After running a comparison job, the following files/directories are generated under the specified `output_dir` and `job_name`:

### **overall_test_report**

Summary DataFrame with row counts, matched counts, duplicate counts, missing rows, and test status for each dataset.

| dataset_name | count                | matched_count | duplicate_count         | missing_rows           | test_status |
|--------------|----------------------|---------------|------------------------|------------------------|-------------|
| table1       | {"source": 100, "target": 98} | 97            | {"source": 0, "target": 1} | {"source": 1, "target": 3} | PASSED      |

---

### **col_lvl_test_report**

Column-level report showing the count of unmatched values for each non-key column.

| dataset_name | column_name | unmatched_rows_count |
|--------------|-------------|---------------------|
| table1       | colA        | 2                   |
| table1       | colB        | 0                   |

---

### **row_lvl_test_report**

Row-level report with primary keys, duplicate count, missing row status, and match status for each row.

| dataset_name | id | duplicate_count | missing_row_status   | all_rows_matched |
|--------------|----|----------------|----------------------|------------------|
| table1       | 1  | 0              | PRESENT_IN_BOTH      | true             |
| table1       | 2  | 0              | MISSING_AT_TARGET    | false            |

---

### **unmatched_rows/**

Directory containing one file per column with all rows where that column did not match between source and target.
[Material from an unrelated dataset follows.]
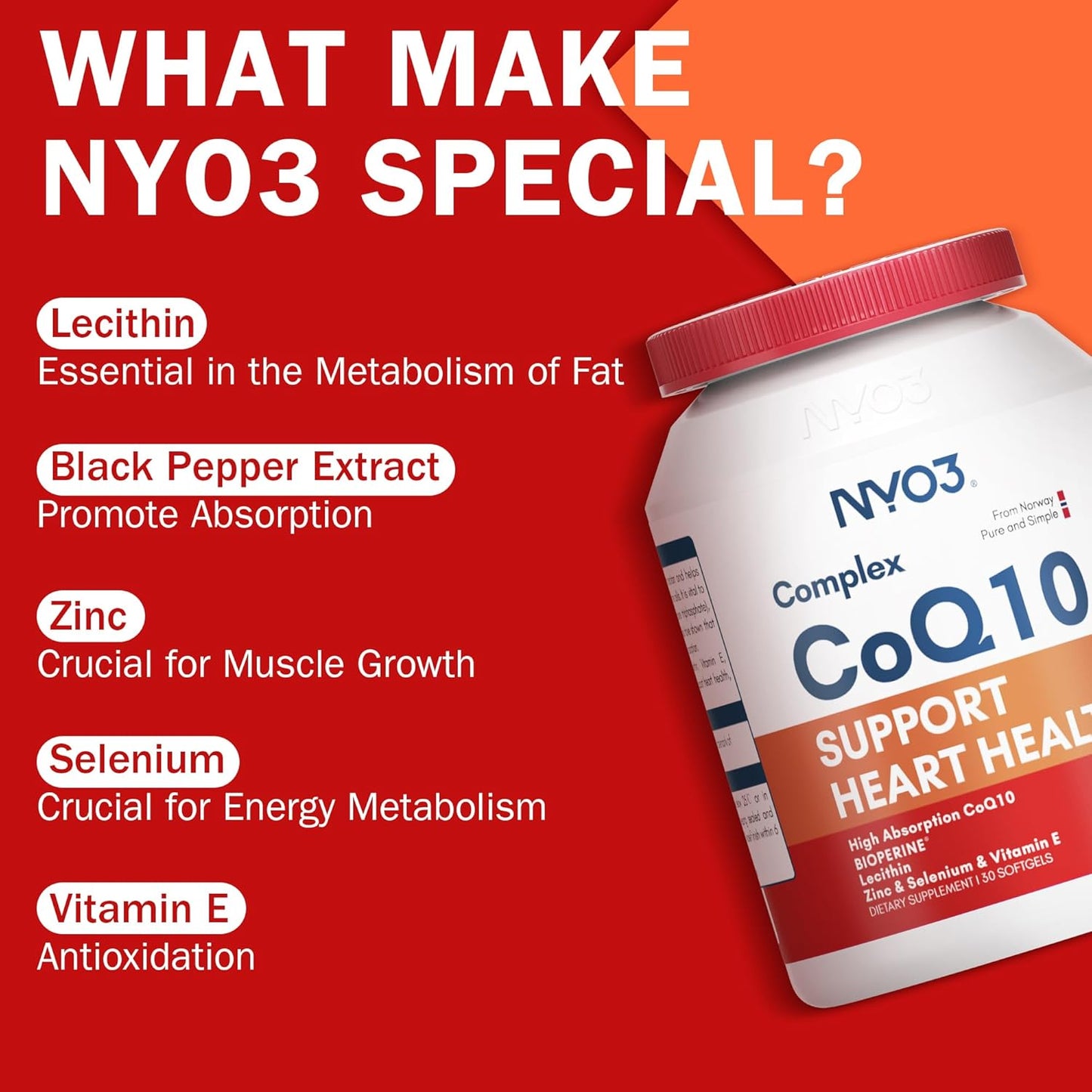 High Absorption NYO3 CoQ10 120mg with BioPerine and Vitamin E - Antioxidant Support for Heart Health - Gluten Free - 30 Days Supply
Example for `unmatched_rows/colA`:

| dataset_name | id | colA_src | colA_target |
|--------------|----|----------|-------------|
| table1       | 5  | foo      | bar         |
| table1       | 8  | baz      | qux         |

All outputs are written in the format specified by `output_file_format` (default: parquet).

---

## Notes

- The package requires PySpark and is intended for use in Spark environments.
- For more details on configuration options, see the `entities/config.py` dataclasses.